Look for the line with "purpurea : Foxglove, Digitalis purpurea"; please transcribe it and every later line in the entries exactly, up to the end, leaving pictures out.

Crawled caption data -

━━━━

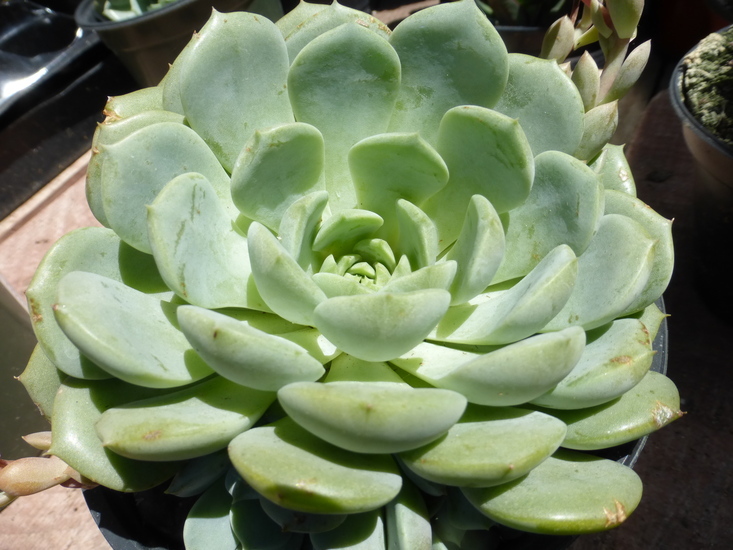 Image of hens and chicks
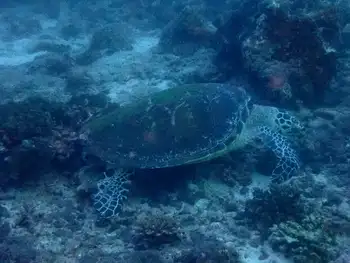 hawksbill sea turtle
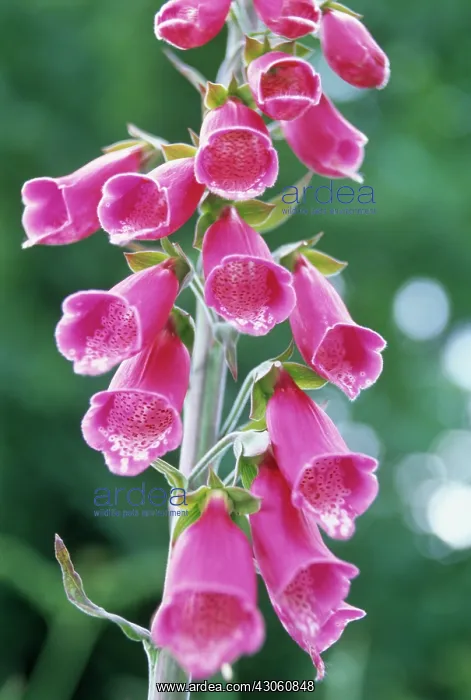 : Foxglove, Digitalis purpurea : Foxglove, Digitalis purpurea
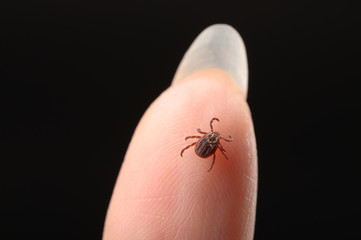 tick on a person's finger close-up. Concept of the season for the spread of ticks and diseases transmitted through insect bites. Black isolated background.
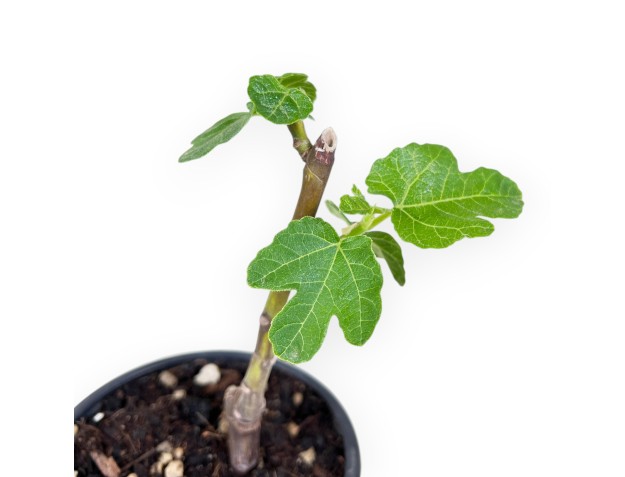 Plante à travailler de fig de 20 cm | Pot rond en plastique noir 2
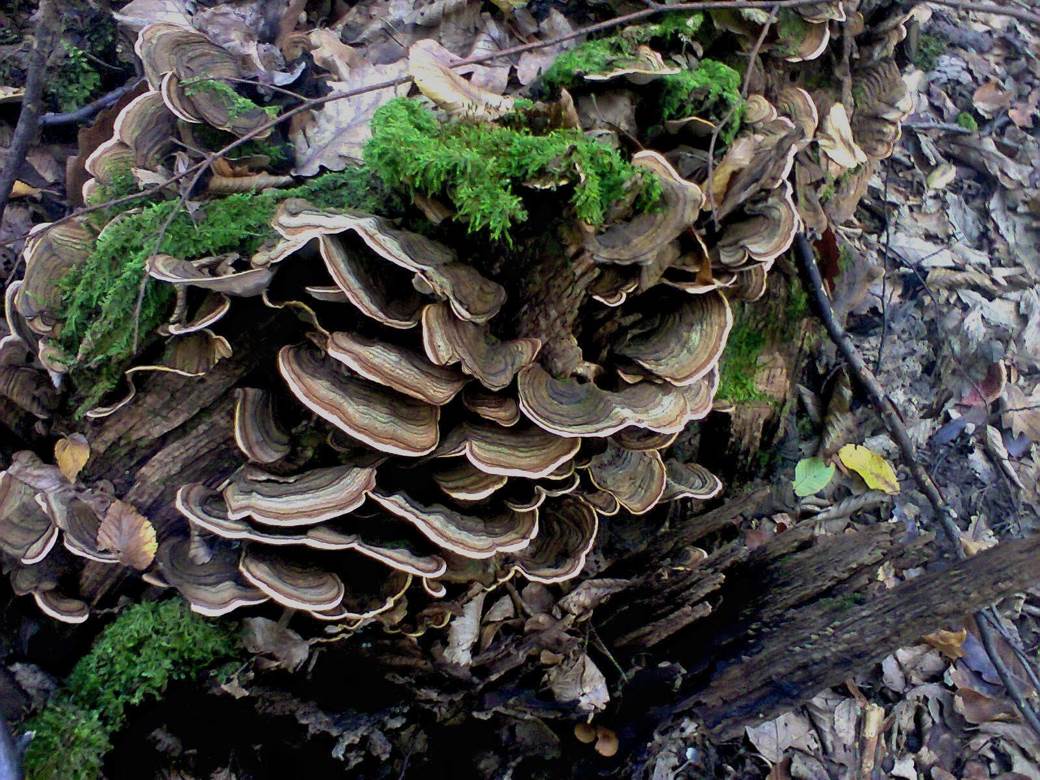 jestive pecurke u srbiji gljive otrovne trovanje jasmina glamoclija halucinogene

━━━━

Output of the exercise -
 : Foxglove, Digitalis purpurea : Foxglove, Digitalis purpurea
 tick on a person's finger close-up. Concept of the season for the spread of ticks and diseases transmitted through insect bites. Black isolated background.
 Plante à travailler de fig de 20 cm | Pot rond en plastique noir 2
 jestive pecurke u srbiji gljive otrovne trovanje jasmina glamoclija halucinogene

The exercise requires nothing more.